The look my boss gave me when I told him I was taking a Friday off to commandeer a parking space in Downtown Phoenix and turn it into a Willy Wonka-themed “park” for the day, is a look that I’ve become all too familiar with in the year and a half I’ve lived downtown.
It’s the same look I get from friends and co-workers who live and work in Scottsdale when I try to tell them about a cool pop-up restaurant they should check out. Or the one from my family, who happily resides in the West Valley, when I tell them I’d prefer to live in an 800-square-foot condo between the sevens rather than a three bedroom house in Goodyear. It’s a facial cocktail of confusion, amusement and this sort of distant sense of curiosity about what it must be like to live “down there.”
The look is usually followed by some variation of the same question, “Is this one of those downtown things you do?” Yes, yes it is. In fact, Park(ing) Day isn’t just a “downtown thing” in Phoenix, but something folks in urban cores across the globe have been participating in since Rebar, a San Francisco-based design firm, started the project in 2005.
The vision started by Rebar six years ago manifested itself on Washington Street, across from City Hall, on the morning of September 16. These nine “parks” had themes ranging from my “Wonka Park,” filled with fake lollipops and giant mushroom chairs, to a bike park offering to fill up tires and tighten loose components. There was an “Enviro-fession” booth set up by Midtown residents Richard Darby and Dovid Gorman where people passing by could confess their environmental “sins,” and a more traditional park with trees, lawn chairs and a trampoline set up by Stacey Champion of Rogue Green, who organized and publicized the event.
According to parkingday.org, the mission of the event is to “call attention to the need for more urban open space, to generate critical debate around how public space is created and allocated, and to improve the quality of urban human habitat.”
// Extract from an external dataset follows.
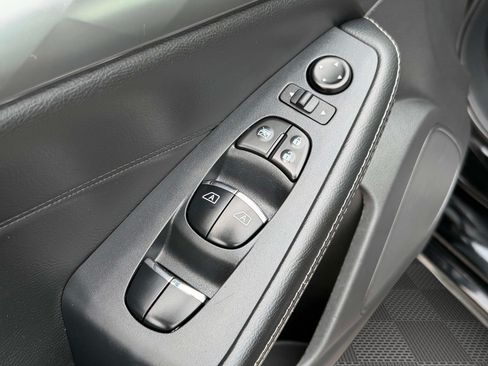 Used 2019 Nissan Maxima 3.5 SL w/ Floor Mat Group FWD image 19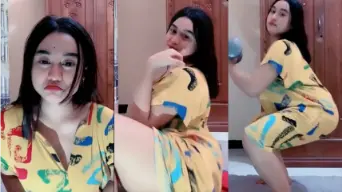 Host Berdaster Seksi Menggoda Goyang Panas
While the 40 or so of us participating in the event were certainly having a good time in our parks filled with golden eggs, trampolines and Dixie bands on Friday morning, this is exactly the mission and message we were trying to support. We want Phoenix, both the community of residents living here and City officials, to take the incorporation of people-friendly spaces in the urban core seriously. We want the City to stop approving $17M parking garages and start supporting initiatives for amenities in our neighborhoods and pedestrian-friendly public space.
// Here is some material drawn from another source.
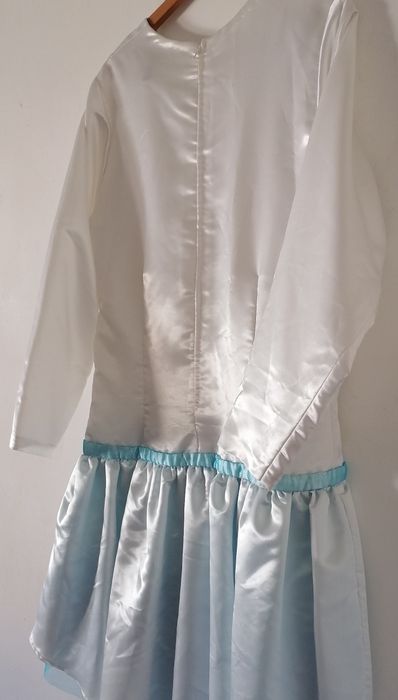 Vestido de setim modelo exclusivo de alta costura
Simply put, those of us who participated on Friday want to see more space allocated to people and not to cars. I don’t expect (or want, necessarily) to see a permanent Wonka Park anytime soon in Downtown Phoenix; but I would like to see community amenities like dog parks, community gardens, parklets and other useful urban green spaces in some of the space currently occupied by cars and empty brown lots.
I’d like to see a different look in the eyes of people who live outside the downtown core when I talk to them about what’s going on there — a look of interest and pride for the core of their city. That’s probably the sugar talking; but what can I say — I ate a lot of Laffy Taffy that day and I’m riding this sugar high as long as possible, imagining what Phoenix could be like if we all embraced our inner Wonka and allowed Phoenix to be a world of pure imagination.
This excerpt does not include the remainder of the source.